Der Präsident der Bundesarbeitsgemeinschaft der Immigrantenverbände, Mehmet Tanridverdi, kündigte in der "Berliner Zeitung" seinen Austritt aus der SPD an. "Ich bin zutiefst enttäuscht", sagte Tanridverdi, der auch SPD-Stadtverordneter in Gießen ist. Sarrazin werde offenbar aus wahltaktischen Gründen in der Partei gehalten. Am Wochenende hatte bereits die Türkische Gemeinde in Deutschland zu Protesten gegen einen Verbleib Sarrazins in der SPD aufgerufen.

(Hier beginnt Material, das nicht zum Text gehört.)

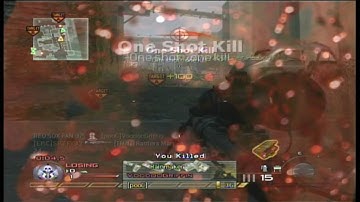 MW2 crazy no scope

"Ich hätte mir ein anderes Ergebnis des Verfahrens gewünscht, weil die sozialdarwinistischen Thesen von Thilo Sarrazin mit den Grundwerten der SPD unvereinbar sind", sagte Hessens SPD-Chef Thorsten Schäfer-Gümbel der "tageszeitung". "Mit Sarrazin darf ein Mann weiter SPD-Mitglied bleiben, der die Grundsätze der Sozialdemokratie fundamental und wiederholt verhöhnt hat", protestierte der sächsische Juso-Landesvorsitzende Tino Bucksch.
Trotz der derzeitigen Proteste ahnen zahlreiche führende Sozialdemokraten aber wohl, dass die schnelle Einigung der Partei möglicherweise eine längerfristige Zerreißprobe erspart. So hatte sich SPD-Bundestagsfraktionschef Frank-Walter Steinmeier nach der Einigung erfreut über die schnelle Beilegung des Streits geäußert: "Ich bin froh, dass der SPD ein jahrelanges Verfahren durch alle Instanzen erspart bleibt", sagte Steinmeier der "Bild"-Zeitung. Man könne nicht einfach jemanden aus der Partei werfen, "auch nicht, wenn er sich noch so kontrovers verhält", meinte Generalsekretärin Nahles.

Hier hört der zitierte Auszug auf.